It’s been a bit depressing looking at what was on BBC television the evening just gone. Not because there was a load of rubbish on, because that’s normal, and as Theodore Sturgeon said, ninety percent of everything is crud (that’s a bit mean on the BBC so far as yesterday evening went – there was actually some good programming on). No, there’s been Brian Cox delivering the Royal Television Society Lecture, Science: a Challenge to TV Orthodoxy, which I’ve just missed most of because it was on BBC2 at twenty past eleven in the evening, and the entry in the Radio Times listing magazine was so tiny I didn’t see it. My daughter went to watch the recording of it in Salford last week and enjoyed it (a bit too far for me to travel to, so I’ll have to watch it on the iPlayer). Why was it on so late, especially when the presenter, Brian Cox, is someone who appeals to a wide audience (I bet RM fancies him (see below))?
The other saddening thing is to do with Ancient Worlds, which was also on BBC2, and on at 9pm which is a far more accessible time. My gripe here is not with the programme, or its timing, but the review of it in the Radio Times, the BBC’s own listings magazine:
‘If you’re lucky enough to own a head that can process stodgy, academic storytelling and fantastically wordy sentences, then you’re probably savouring Richard Miles’s series. But when the historian announces early on that Alexander the Great’s dad, King Philip II of Macedon, was, “unfettered by the parochial and claustrophobic embrace of the polis,” I had to pause the DVD and unpick my brain. This happened at least eight more times. If you ignore the verbose script, Miles is at least charming and excited by his subject. And he’s handsome.

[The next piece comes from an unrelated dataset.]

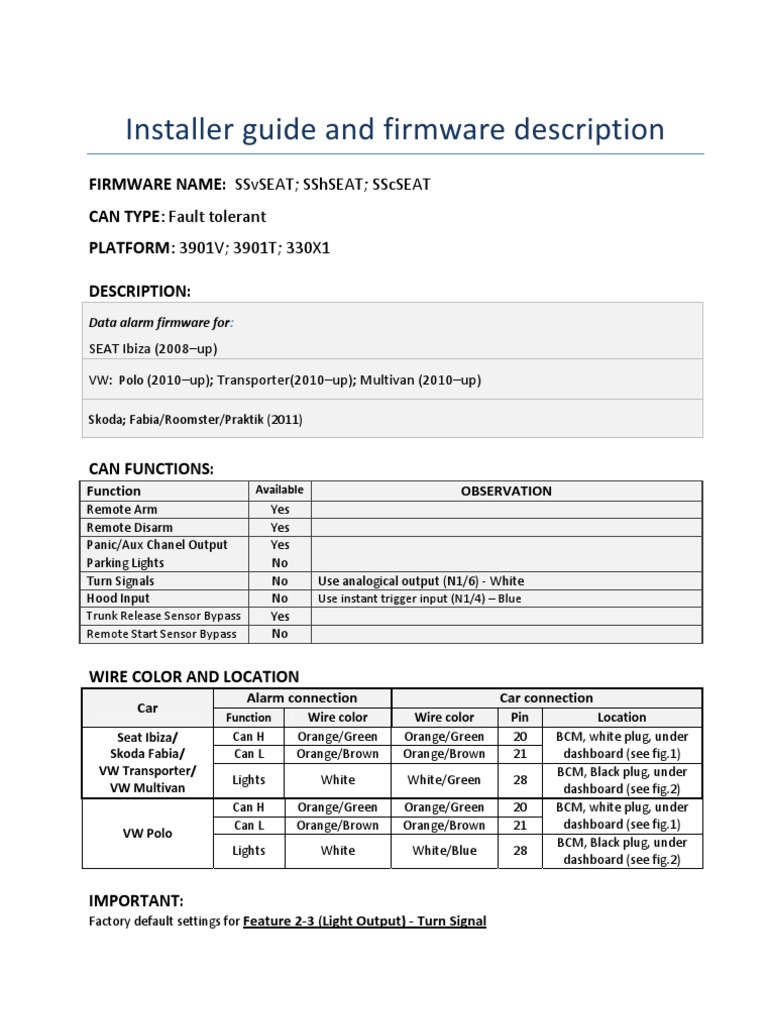 Firmware Guide for SEAT and VW Models | PDF | Vehicles | Car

Think Peep Show’s Robert Webb (who he also sounds a lot like) but with bigger front teeth and a tan. Tonight, he talks in complicated terms about the rise of Alexander the Great and Hellenistic civilisation, without really explaining what this is. Ancient Greece, basically, but I had to double-check that on Wikipedia.’
That’s really going to make people want to watch it. Credit your audience with a little more intelligence than yourself, perhaps, ‘RM’; or perhaps, stick to reviewing Desperate Housewives and the like? Or, maybe the Radio Times editor could give programmes to reviewers who have a bit of a clue perhaps, rather than getting someone to write something that’s going to put off anyone who’s vacillating between trying Ancient Worlds and watching something else? Although they might watch it with the sound turned down so they could just letch after the presenter, I suppose.
Here’s my review of Julia Bradbury’s German Wanderlust (which was on yesterday evening and which I didn’t actually watch, but I think I’ve got the Radio Times‘s house style sorted): Julia Bradbury was trekking round Germany, and if you ignore the mentally challenging mentions of Byron, Wagner, Turner, Goethe, and the like, there’s some beautiful scenery, not least Julia herself. Definitely some wanderlust provided there, although she kept going on about the Romantic movement, whatever that is, although I’d certainly like to get Romantic with her.
I wonder if Radio Times would print it? If not I could always try the Guardian.